- Nelly Thüring
- Born: 21 June 1875 Vankiva, Sweden
- Died: 2 January 1972 (aged 96) Stockholm, Sweden
- Known for: Photography, Politics
- Spouse: Johan Göransson ​ ​(m. 1903⁠–⁠1917)​

Signature

= Nelly Thüring =

Swedish photographer, politician (1875–1972)

Nelly Maria Thüring (21 June 1875, in Vankiva – 2 January 1972, in Enskede), was a Swedish photographer and politician (Social Democrat). She was one of the first five women elected to the Swedish parliament in 1921.

==Biography==
Thüring was born the daughter of the farmer Nils Nilsson and Pernilla Persdotter in Vankiva, Sweden on 21 June 1875. She married the editor Johan Göransson in 1903, and divorced him in 1917. She took the name Thüring when she became active as a photographer.

She was a shop clerk in 1890-96 and thereafter a photographer 1896–1933. In 1900, she opened a photo studio in Lund.
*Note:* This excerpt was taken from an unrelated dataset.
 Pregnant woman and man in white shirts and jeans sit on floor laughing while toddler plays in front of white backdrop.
In 1920 she sold the studio to focus solely on her political career.

She was a member of the city council of Gothenburg in 1917–1920. In 1921, she became one of the five first women to be elected to the Swedish Parliament after women were allowed to vote. She was elected alongside Agda Östlund (Social Democrat), Bertha Wellin (Conservative) and Elisabeth Tamm (liberal) in the lower chamber, and Kerstin Hesselgren in the upper chamber.
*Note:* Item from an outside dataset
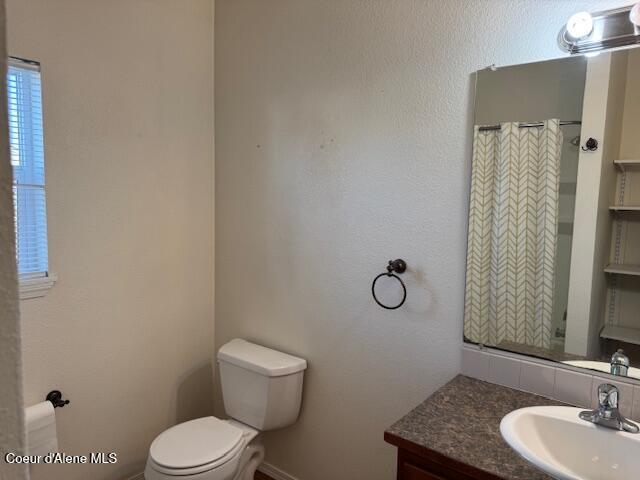 bathroom featuring toilet, vanity, and a shower with curtain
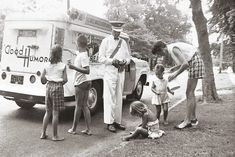 black and white photograph of people standing in front of an ice cream truck with their children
As an MP, Nelly Thüring focused on issues about international cooperation and the working conditions of female prison staff, and collaborated with other female MP:s on issues about a non-confessional school, child-and maternity care, and sexual education. She was described as sharp and witty during the debates, and opposed the suggestion to gender-mark the voting bills with the remark that if that would happen, she would start a women's party. In the 1920s, it was regarded as controversial by some for a woman to address sexual issues in public to a gender mixed audience, and initially, when such instances occurred, it was noted that some of the male MPs left the chamber in protest. She chose to leave her seat in 1928 because she did not particularly enjoy the forms of parliamentary work, which she found slow and tedious, and preferred to agitate (that is, to be a political activist by touring, making speeches and through political and social organisations) instead.

She was a member of the central committee of Social Democratic Women in 1924-1928 and chairperson of the Enskede Social Democratic Women's Club in 1926–1928.

Thüring died on 2 January 1972 in Stockholm.